Amazon (AMZN) is flooded with ‘fake’ five-star reviews of popular products, a leading UK consumer group has claimed.
An investigation by the consumer group Which? found hundreds of unverified accounts left top reviews on tech products in a single day.
Which? says glowing reviews from unverified buyers are a “telltale sign of ‘fake’ reviews,” and said its findings showed they had become a “serious problem” in online shopping.
The research found little-known brands dominated search results for several popular tech products including cameras, headphones and smart watches, often thanks to reviews regarded as suspicious by Which?.
But Amazon has said it invests “significant” resources in weeding out fake reviews, and took action against firms and individuals suspected of using them.

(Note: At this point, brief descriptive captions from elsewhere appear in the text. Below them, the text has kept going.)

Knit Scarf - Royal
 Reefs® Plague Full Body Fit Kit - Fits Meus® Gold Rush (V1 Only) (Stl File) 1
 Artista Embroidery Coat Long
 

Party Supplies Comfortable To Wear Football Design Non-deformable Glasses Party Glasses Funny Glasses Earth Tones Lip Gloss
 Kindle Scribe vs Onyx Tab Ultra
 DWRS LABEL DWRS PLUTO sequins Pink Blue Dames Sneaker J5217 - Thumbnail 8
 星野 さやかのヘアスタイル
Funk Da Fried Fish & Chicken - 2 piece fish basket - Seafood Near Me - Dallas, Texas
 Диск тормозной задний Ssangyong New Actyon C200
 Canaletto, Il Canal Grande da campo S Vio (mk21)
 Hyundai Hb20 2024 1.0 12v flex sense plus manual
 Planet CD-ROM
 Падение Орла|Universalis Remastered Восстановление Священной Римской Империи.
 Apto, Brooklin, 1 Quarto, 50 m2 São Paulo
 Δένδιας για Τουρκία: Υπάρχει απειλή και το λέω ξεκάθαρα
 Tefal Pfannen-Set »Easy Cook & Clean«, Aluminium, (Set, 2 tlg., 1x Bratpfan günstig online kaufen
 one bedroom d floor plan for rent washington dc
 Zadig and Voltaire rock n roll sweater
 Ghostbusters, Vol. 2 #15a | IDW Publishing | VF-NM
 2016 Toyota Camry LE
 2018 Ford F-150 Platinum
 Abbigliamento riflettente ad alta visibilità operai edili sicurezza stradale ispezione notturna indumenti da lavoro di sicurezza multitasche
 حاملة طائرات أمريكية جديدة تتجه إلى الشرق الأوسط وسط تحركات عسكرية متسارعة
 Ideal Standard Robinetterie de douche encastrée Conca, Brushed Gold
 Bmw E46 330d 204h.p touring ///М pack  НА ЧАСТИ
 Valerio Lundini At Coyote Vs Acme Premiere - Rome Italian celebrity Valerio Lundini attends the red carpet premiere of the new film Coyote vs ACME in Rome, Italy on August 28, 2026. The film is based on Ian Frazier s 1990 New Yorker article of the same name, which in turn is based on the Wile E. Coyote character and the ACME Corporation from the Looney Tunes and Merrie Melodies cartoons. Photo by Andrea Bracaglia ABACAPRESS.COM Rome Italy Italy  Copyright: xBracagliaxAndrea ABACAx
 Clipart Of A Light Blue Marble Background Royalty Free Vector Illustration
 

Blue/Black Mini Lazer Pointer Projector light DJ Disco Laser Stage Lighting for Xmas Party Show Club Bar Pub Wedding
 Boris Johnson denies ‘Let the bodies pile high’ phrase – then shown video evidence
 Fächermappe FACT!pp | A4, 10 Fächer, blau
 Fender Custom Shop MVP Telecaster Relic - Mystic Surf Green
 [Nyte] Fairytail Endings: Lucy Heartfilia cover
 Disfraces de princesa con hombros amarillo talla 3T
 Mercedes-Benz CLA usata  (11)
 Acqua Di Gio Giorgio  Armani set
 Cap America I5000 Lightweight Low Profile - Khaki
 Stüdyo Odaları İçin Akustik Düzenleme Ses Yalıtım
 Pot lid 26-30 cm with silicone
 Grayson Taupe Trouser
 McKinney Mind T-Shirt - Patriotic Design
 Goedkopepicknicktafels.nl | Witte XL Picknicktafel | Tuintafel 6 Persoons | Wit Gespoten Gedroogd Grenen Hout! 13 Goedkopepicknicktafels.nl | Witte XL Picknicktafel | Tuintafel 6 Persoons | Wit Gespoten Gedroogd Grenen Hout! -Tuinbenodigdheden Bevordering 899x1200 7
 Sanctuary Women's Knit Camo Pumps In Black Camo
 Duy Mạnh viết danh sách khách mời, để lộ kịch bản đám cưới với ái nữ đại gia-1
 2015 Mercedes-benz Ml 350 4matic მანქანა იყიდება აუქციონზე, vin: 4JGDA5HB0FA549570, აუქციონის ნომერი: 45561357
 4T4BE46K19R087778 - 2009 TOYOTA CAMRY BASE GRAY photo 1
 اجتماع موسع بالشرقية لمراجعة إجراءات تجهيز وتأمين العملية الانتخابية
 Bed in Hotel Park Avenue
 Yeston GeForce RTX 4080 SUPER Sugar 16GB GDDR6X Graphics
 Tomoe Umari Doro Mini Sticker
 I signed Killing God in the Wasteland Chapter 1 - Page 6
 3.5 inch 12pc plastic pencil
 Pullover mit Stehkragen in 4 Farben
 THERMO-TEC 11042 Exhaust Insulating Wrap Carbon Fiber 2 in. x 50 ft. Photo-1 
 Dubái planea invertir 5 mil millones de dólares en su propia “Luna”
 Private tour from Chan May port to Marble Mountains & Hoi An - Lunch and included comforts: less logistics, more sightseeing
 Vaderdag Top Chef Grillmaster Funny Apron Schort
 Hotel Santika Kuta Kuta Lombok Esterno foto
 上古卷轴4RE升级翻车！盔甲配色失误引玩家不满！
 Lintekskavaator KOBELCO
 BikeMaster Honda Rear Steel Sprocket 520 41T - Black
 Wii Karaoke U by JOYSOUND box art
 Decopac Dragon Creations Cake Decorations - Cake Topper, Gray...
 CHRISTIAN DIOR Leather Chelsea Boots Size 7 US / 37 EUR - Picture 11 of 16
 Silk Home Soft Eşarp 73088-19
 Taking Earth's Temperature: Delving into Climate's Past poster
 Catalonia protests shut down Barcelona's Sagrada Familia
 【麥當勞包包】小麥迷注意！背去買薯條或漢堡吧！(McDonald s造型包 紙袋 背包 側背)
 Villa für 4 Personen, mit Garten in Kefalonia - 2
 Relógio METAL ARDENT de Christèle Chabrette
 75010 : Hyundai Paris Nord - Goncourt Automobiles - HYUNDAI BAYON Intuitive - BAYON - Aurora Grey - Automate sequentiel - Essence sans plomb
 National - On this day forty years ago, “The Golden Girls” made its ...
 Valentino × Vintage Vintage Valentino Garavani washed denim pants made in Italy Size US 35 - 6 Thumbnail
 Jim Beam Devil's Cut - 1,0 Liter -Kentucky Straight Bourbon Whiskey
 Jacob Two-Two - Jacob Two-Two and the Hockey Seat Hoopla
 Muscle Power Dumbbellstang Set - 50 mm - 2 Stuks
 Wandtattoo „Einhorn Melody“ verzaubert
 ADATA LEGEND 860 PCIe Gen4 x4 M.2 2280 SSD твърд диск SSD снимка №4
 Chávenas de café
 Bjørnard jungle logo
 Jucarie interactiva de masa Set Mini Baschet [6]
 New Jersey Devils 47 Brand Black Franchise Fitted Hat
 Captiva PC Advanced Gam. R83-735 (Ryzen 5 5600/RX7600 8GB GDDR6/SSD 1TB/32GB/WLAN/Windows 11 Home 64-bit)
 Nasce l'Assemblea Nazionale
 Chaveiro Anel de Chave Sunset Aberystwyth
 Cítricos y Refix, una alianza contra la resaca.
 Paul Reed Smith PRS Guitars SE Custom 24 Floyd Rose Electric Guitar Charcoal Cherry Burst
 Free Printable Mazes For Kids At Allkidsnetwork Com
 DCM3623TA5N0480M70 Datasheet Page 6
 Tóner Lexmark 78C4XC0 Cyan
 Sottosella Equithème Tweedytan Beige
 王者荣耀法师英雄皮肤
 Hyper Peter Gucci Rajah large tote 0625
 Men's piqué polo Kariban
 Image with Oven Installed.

The first page of headphones on Amazon’s site was “by far the worst offender,” with every single product from a brand not recognised by the organisation.
Which? found more than 10,000 reviews from unverified users on just 24 pairs of headphones in a couple of hours.
It said 71% of products on the first headphones page had perfect five-star reviews, and 87% of products were not confirmed as Amazon purchases.
In some cases, it found positive reviews for the wrong products on listings.
Hannah Walsh of Which? said: “97% of shoppers rely on online customer reviews to help make a purchase, according to a survey we conducted in September 2018 of more than 2,000 adults. The Competition and Markets Authority (CMA) estimates that £23bn a year of UK consumer spending is potentially influenced by online reviews.
“This makes fake reviews a serious problem – at best they could mislead you into buying a product that’s not as good as it appeared, at worse you could end up with something that’s not even fit for purpose.”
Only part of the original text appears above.